After this summary of Standard Oil history, the petition goes on to say that the purpose and effect of the corporation as a holding company was precisely the same as the purpose and effect of the appointment of the trustees previously referred to, namely: to suppress competition between the corporations and limited partnerships, whose stock was first held by the trusts and then by the Standard Oil Company, of New Jersey; that by the foregoing methods, and by securing railroad rates which discriminated in favor of the corporations whose stock was held by the holding company, the latter was enabled to secure a monopoly in large sections of the country, with the result that prices to consumers are much higher in those sections than in sections where competition, to some extent, prevails.

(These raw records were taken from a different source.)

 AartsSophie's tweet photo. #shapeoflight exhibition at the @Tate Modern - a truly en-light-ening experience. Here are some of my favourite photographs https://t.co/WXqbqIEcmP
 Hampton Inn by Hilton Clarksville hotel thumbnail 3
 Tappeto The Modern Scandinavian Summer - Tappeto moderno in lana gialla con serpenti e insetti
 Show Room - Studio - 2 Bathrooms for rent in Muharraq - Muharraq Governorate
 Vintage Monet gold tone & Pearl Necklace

The bill further sets forth that from 1882 to 1895 the Standard paid dividends amounting to $512,000,000 on a professed valuation of a trifle less than $70,000,000, besides accumulating a surplus “of unknown magnitude,” and that for the last nine years the dividends have run from 33 to 48 per cent.
Almost on the very day that this bill was filed the Standard declared a quarterly dividend which aggregated $10,000,000.

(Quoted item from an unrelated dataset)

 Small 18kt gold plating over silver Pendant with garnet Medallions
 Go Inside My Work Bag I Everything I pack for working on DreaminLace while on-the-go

In filing this bill Attorney General Moody said that the question of criminal prosecution would be left “for future consideration.”
Criminal Prosecution.
Whatever may be the disposition of the Attorney General of the United States in regard to the criminal prosecution of Standard Oil officers and directors, there seems to be no doubt as to the attitude of Prosecutor David, of the state of Ohio. The grand jury of Hancock county has returned an indictment against the Standard Oil Company, of Ohio, and against John D. Rockefeller, president of the Standard Oil Company, of New Jersey, as well as three directors of the subsidiary corporation in the Buckeye state. Previous proceedings against the same defendants, taken on an information brought before the Probate Court of that state, are now being held up, pending the decision of the higher court as to the jurisdiction of the court below. The present indictments by the grand jury are based on the evidence adduced in the previous trial. Conviction would subject the defendant company to a maximum fine of five thousand dollars, which, however, it is believed, may be imposed for ever day covered in the indictments. Mr. Rockefeller and the directors of the subsidiary company would be subject to the same fine and to imprisonment for a period of from six months to one year. More recently Prosecutor David is quoted as expressing the belief that he has sufficient evidence to bring not only Mr. Rockefeller, but all the highest officials of the controlling company before the Ohio courts.
In the meantime he has taken steps to secure an alternative writ of mandamus against the Buckeye Pipe Line Company, said to be owned by the Standard Oil Company and operated in such a manner as to stifle competition, requiring that the defendant provide for the public equal and just facilities and demanding that they fix a schedule of rates.